Cloaky in his or her natural habitat. (Photo: Gaston Gazette)

Residents of Gastonia, North Carolina have spotted a mysterious person lurking at the edge of a local woods outside of an apartment complex, wearing a full-length, hooded black cloak and making strange shapes with his or her hands.

The figure—who, in pictures, resembles an Emperor Palpatine that recently crash-landed on Earth and is confused by its trees—has been linked to other recent, strange events near the building, and has been accused of “dropping raw meat near a playground in the apartment complex.”

Authorities don’t know much about this potentially carnivorous dark wizard, or what he or she is up to. The property manager of the apartment told The Gaston Gazette that he’s not sure whether those pale hands have signed any of his leases, and the police have pretty much just shrugged, saying they can’t even confirm the photo was actually taken in Hudson Woods. “Robby talked to the lady [who] took the pictures today and she said the police laughed at her,” alleged one local Facebook user.

It’s possible the cloaked figure is a misplaced LARPer. (Photo: Evan-Amos/WikiCommons CC0 1.0)

After putting the story on its front page, The Gazette was accused of legitimizing gossip rather than pursuing true leads. (This, despite their interview with a local Pagan, who, after confirming that Cloaky’s wardrobe and activities fit with possible Pagan practices, pointed out that a serious Pagan would probably not do this stuff in broad daylight behind an apartment complex. “It looks like someone is deliberately trying to create havoc,” she theorized.) 

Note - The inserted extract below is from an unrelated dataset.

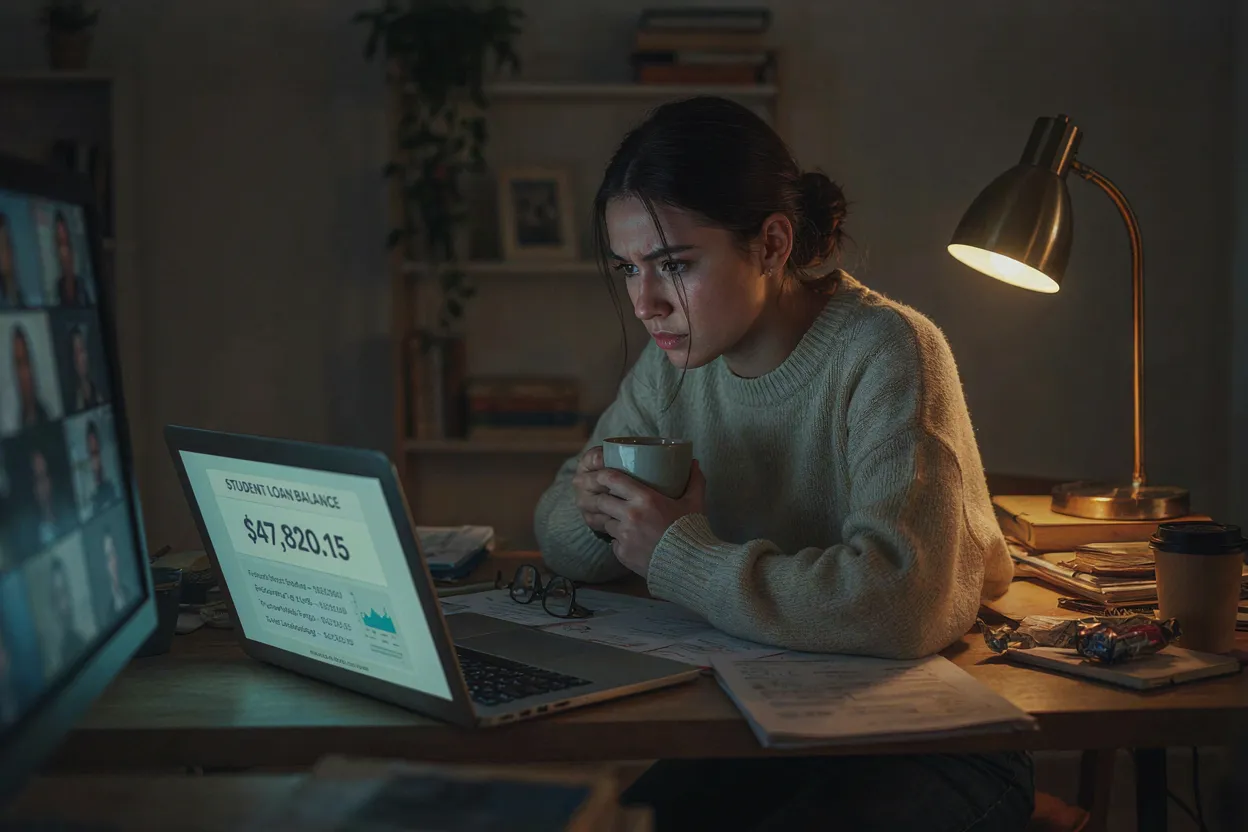 Person looking worried at laptop screen showing student loan balances and debt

Members of various online communities have gone further. Much of Twitter is committed to photoshopping memes onto the figure’s face. One out-of-town Redditor, who received the photos from a friend-of-a-friend, believes it’s a ghost, and wants to do some image forensics. Gastonians themselves are all over the map—some think it’s a hoax, some are legitimately afraid, and others are pretty sure one should just tap the person on the shoulder next time and ask.

Speculation is a given when you’re dealing with a hand-dancing, (allegedly) meat-dropping cloakster. If capes mean something dramatic is about to go down, their hooded cousins tend to suggest that weird stuff is happening offstage. Whatever this particular character is up to, he joins a pantheon of archetypes that like to pop out in the summer and shake things up (see: last year’s California City clown). 

As one Gastonian put it, “Must be hot in that outfit, is all I’m sayin.”